_THE DATA_

* * * * * * * * *

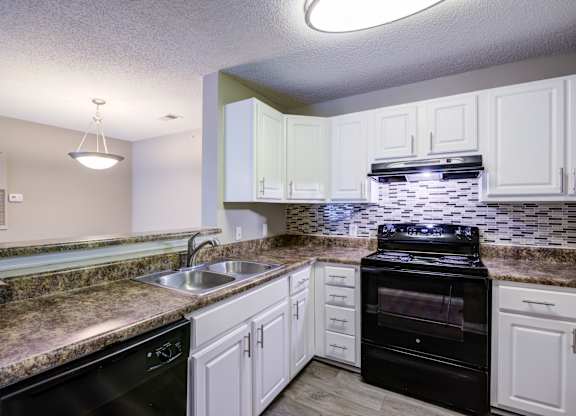 A kitchen with black appliances and granite countertops.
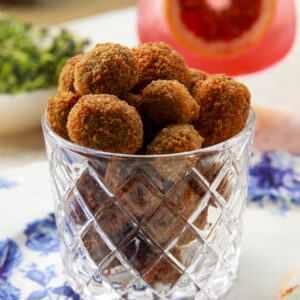 Crispy feta stuffed fried olives served with garlicky yogurt and paprika butter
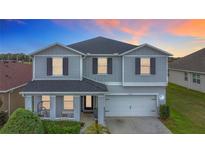Charming two-story home featuring gray siding, a welcoming front porch, and a well-manicured lawn at 2473 Biscotto Cir, Davenport, FL 33897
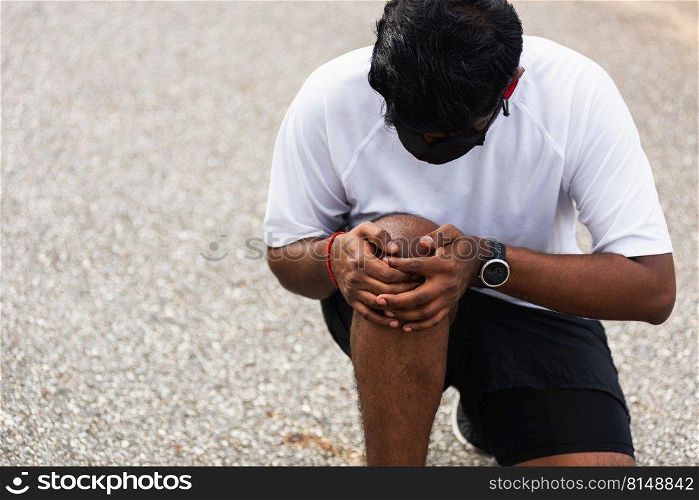 Close up Asian young sport runner black man wear watch sitting hands joint hold knee pain during the run while running at the outdoor street health park, healthy exercise injury from workout concept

* * * * * * * * *

_WHAT YOU SHOULD DO_
Every last line above must be reproduced as written, and no pictures belong in the copy.

_RESULT OF THE TASK_
 A kitchen with black appliances and granite countertops.
 Crispy feta stuffed fried olives served with garlicky yogurt and paprika butter
Charming two-story home featuring gray siding, a welcoming front porch, and a well-manicured lawn at 2473 Biscotto Cir, Davenport, FL 33897
 Close up Asian young sport runner black man wear watch sitting hands joint hold knee pain during the run while running at the outdoor street health park, healthy exercise injury from workout concept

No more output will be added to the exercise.